A provincial program aimed at creating a carbon neutral municipalities could end up costing Trail in the future, a City of Trail staff report has warned.
In its Governance and Operations Committee report to city council March 11, city staff warned that the entire cost of the Climate Action Revenue Incentive Program Public Report (CARIP) will incur a significant amount of city personnel time and resources as time goes on.
In order to keep complying and supporting the program the city would eventually have costs over and above the carbon grant—tax back from the province paid on utility bills—and buying carbon offsets, the report noted.
In 2012 the city was able to create a slight residual after buying carbon offsets at a reduced rate through the Carbon Neutral Kootenay (CNK) Consortium—a Kootenay-wide partnership of municipalities and regional districts.
But other B.C. Communities who signed on to the province’s Climate Action Charter weren’t so fortunate in purchasing cheap carbon offsets.
“It is really unclear what the net gains are at this time and many are questioning the real value based on how this program has been set-up; especially for some public organizations that currently have to pay significantly for offsets at the expense of programs and services,” city chief administrative officer David Perehudoff said in his report.

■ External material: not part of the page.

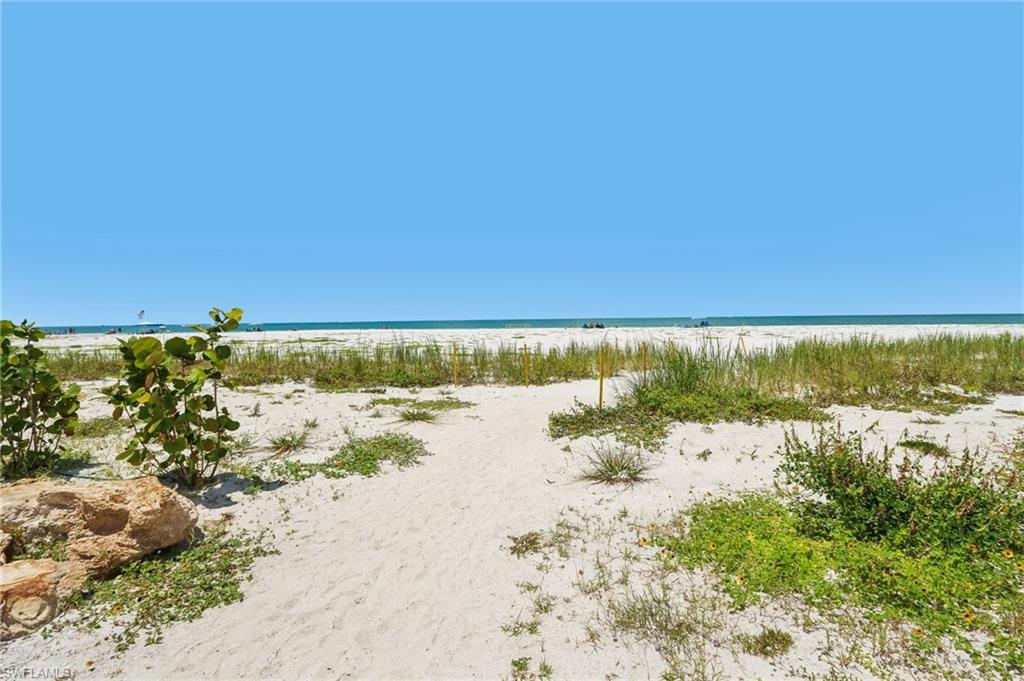 7400 Estero Blvd 315 Property Photo 21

“Carbon neutrality from the perspective of being purely carbon neutral is impossible, so that’s where the carbon offsets come in.”
The city was very fortunate this year that CNK worked a “favourable offset agreement,” said Perehudoff. But he did not know if the agreement would occur in the long-term meaning, ultimately, there could be a cost to the city going forward.
The city spent $30,487 on carbon taxes in 2012 and the carbon tax refund was slightly more.
If the city had to purchase the offsets through the Pacific Carbon Trust, the offset cost would have been $31,850 and have left the city in a slight deficit position.
“It’s a concern for us, not only in the context of what we paid today, but obviously in the future if that number as far as the carbon offset goes, goes up,” said Perehudoff.
Although the intent of the program—to get municipalities and regional districts to reduce how much carbon (fossil fuel) they produce—is sound, the goal of attaining carbon neutrality for a city is not, said councillor Gord DeRosa, and that price may eventually be too high to pay.
“I think the provincial government has dropped the file here,” he said. “There has not been a lot said and directed and I don’t think it was thought out as thorough as it might have been.”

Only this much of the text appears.